→ **Recorded data**:
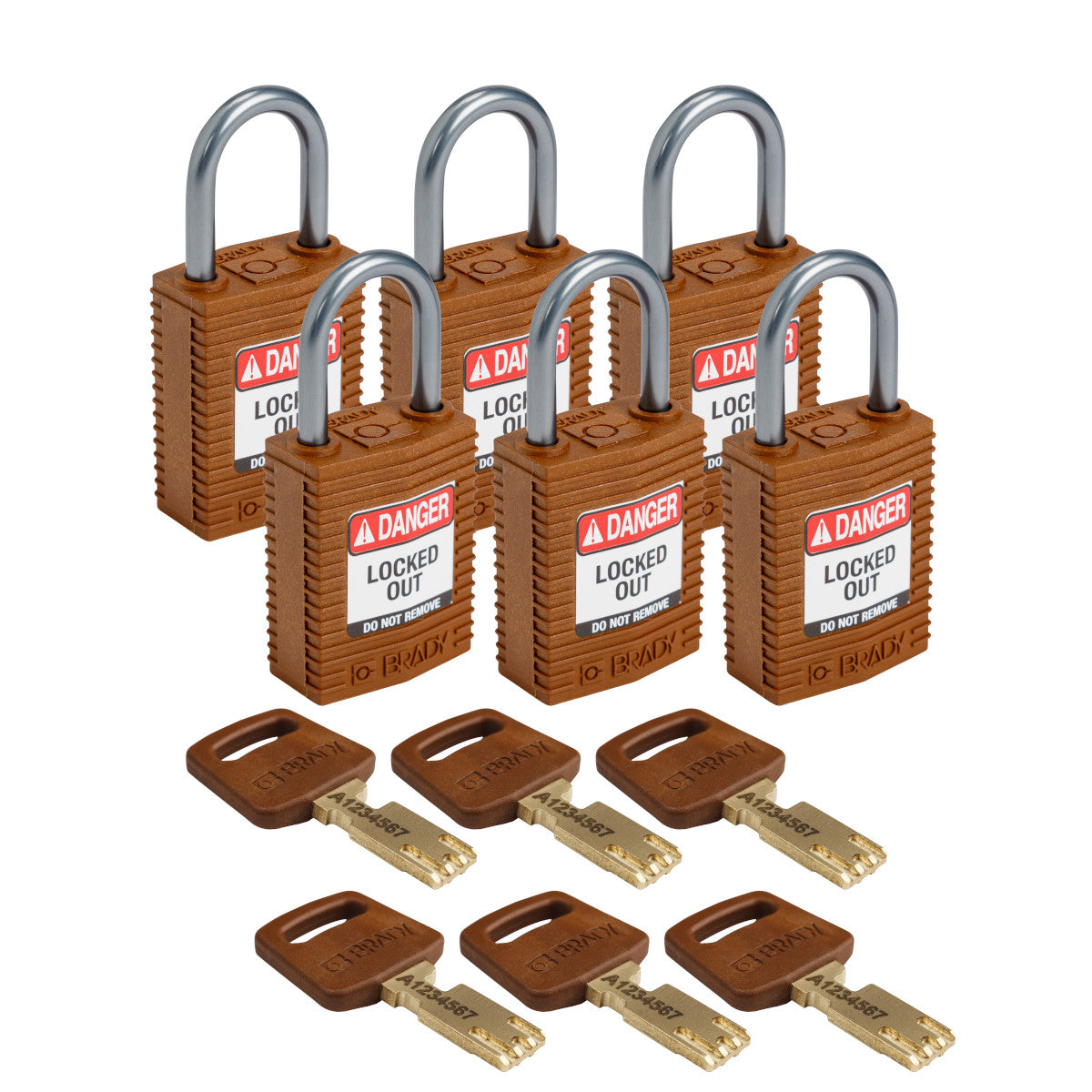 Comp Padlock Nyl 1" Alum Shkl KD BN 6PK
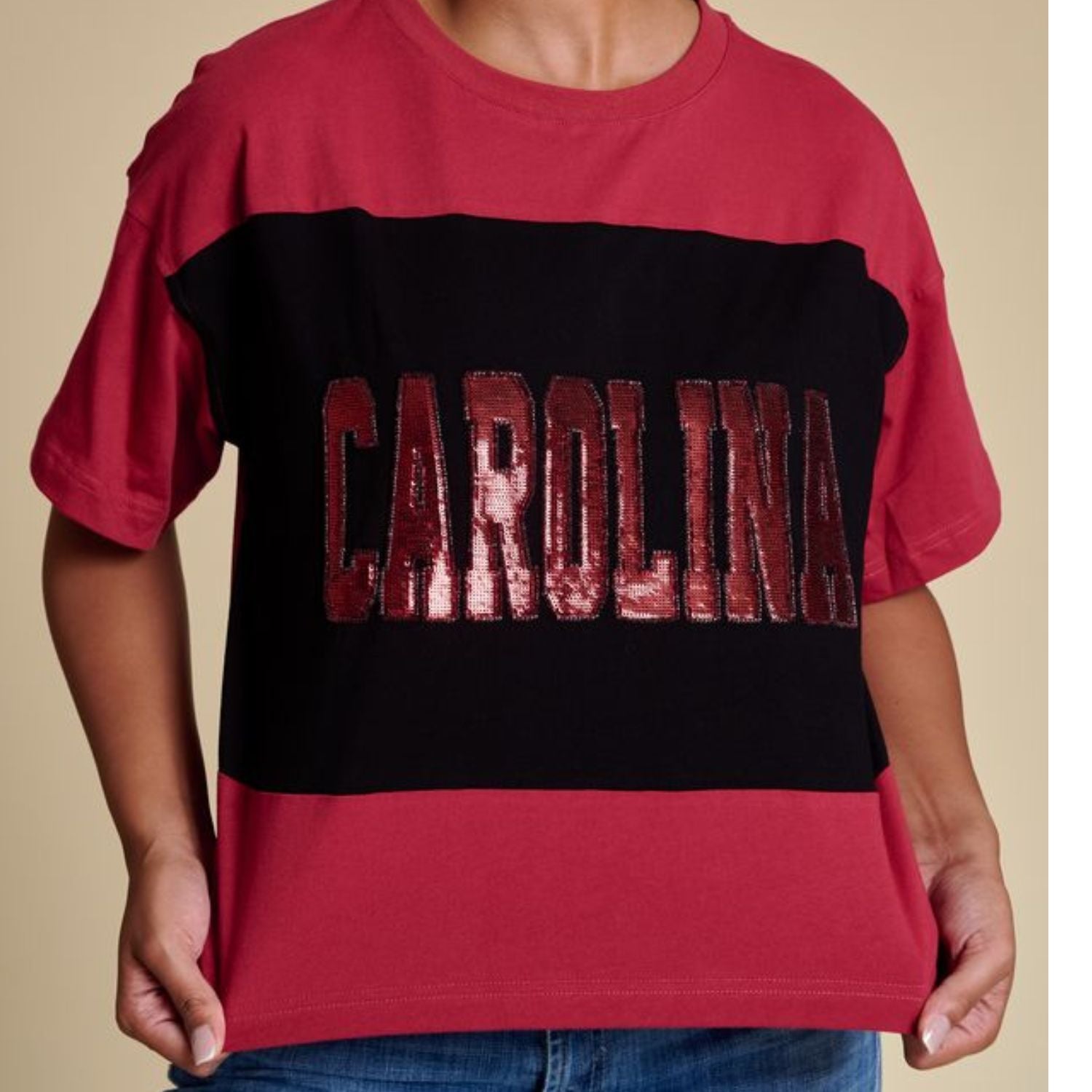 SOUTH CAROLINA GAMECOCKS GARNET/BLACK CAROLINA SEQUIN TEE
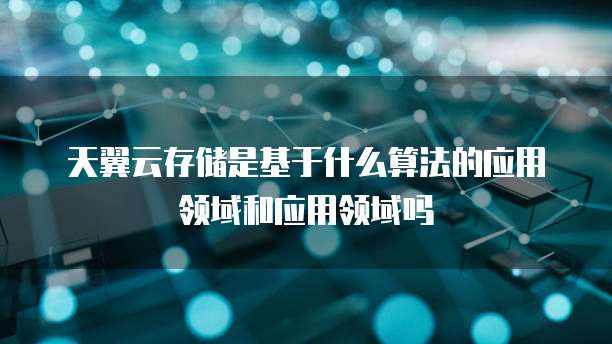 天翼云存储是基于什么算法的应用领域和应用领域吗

→ **The problem**: Retype all the data exactly, please, without pictures.

→ **Answer**:
 Comp Padlock Nyl 1" Alum Shkl KD BN 6PK
 SOUTH CAROLINA GAMECOCKS GARNET/BLACK CAROLINA SEQUIN TEE
 天翼云存储是基于什么算法的应用领域和应用领域吗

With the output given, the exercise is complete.